Minnesota students in grades three-11 improved their scores in math and reading this spring and Kelliher students joined over 426,000 students who took the MCA-II exams.

Students in grades three-eight took exams in both subjects while students in grade 10 took the reading grad exam and 11th graders took the grad exam in ,athematics.

"Kelliher School students held their own with the rest of the state's students," said Kelliher School Assessment Coordinator John Carlson. "Our students rose to the occasion and exceeded the goals or index scores the state set for our school and district. Our staff, students and parents should be pleased."

While Carlson and Lutz are happy with the test results, they do not want to become complacent.

"At this point in time, we look good. But, we will need to maintain our focus so that next year and the year after, our students will continue to improve and keep meeting the ever-increasing index score goals that the state sets for us," Carlson said. "Although our scores were good enough to meet state standards, we know that we can still improve in our teaching and our learning."

Lutz agrees. "With the MCA-II tests being replaced by the more rigorous MCA-III exams and with the bar being raised every year, we cannot rest on our laurels. The results over the past two years give you some idea as to how well students respond when we raise expectations and hold them accountable for their learning."

As Kelliher School prepares for the next school year, staff members are hoping to continue many of the programs that have helped students achieve their high test gains.

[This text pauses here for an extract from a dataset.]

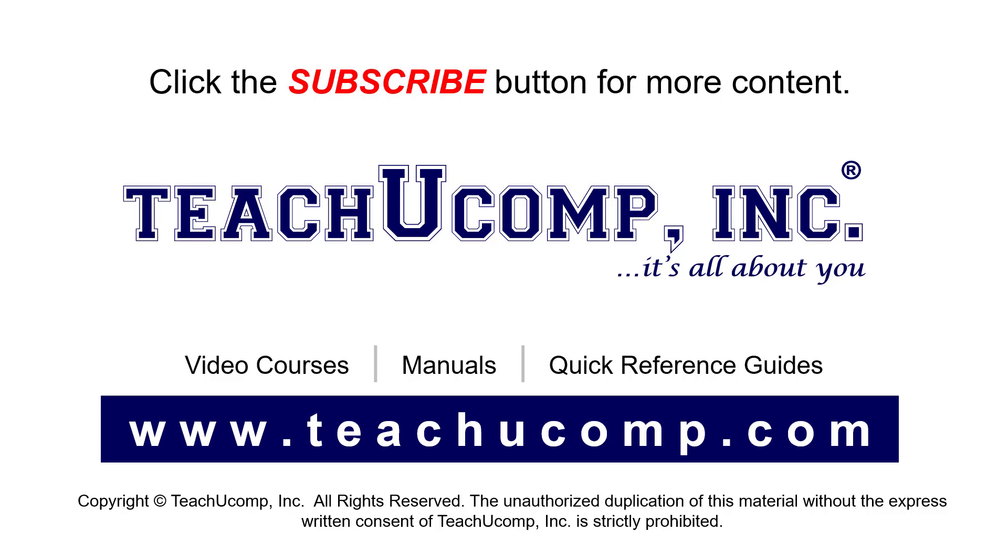If you like our video, click the button to subscribe to our channel and get easy access to new content. To see our full suite of ad-free video courses, instruction manuals, and quick reference guides, visit us at www.teachucomp.com.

A number of new programs were added last year including Reading Plus and READ 180, which will help students improve in vocabulary, word recognition and literal and inferential comprehension.

According to Carlson, "We hope to capitalize on these programs by developing Professional Learning Teams and improving our ability to differentiate instruction based upon ongoing and continual assessment of student progress on a weekly and monthly basis."

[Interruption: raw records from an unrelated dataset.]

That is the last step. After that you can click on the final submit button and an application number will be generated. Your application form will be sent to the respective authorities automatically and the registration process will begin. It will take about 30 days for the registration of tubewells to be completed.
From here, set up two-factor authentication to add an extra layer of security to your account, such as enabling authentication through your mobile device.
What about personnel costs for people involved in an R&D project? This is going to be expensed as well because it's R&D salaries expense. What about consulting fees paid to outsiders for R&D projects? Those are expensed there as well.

Kelliher School sent a number of staff members to the Model Schools Conference in Orlando, FL in June to learn about best practices in the delivery of classroom instruction and a number of other teaching and assessment strategies.

"We hope that those staff members will bring the level of knowledge and excitement to the rest of the staff this fall as school starts," Lutz said. "I know we'll have a great year and continue to provide a superb education to our students."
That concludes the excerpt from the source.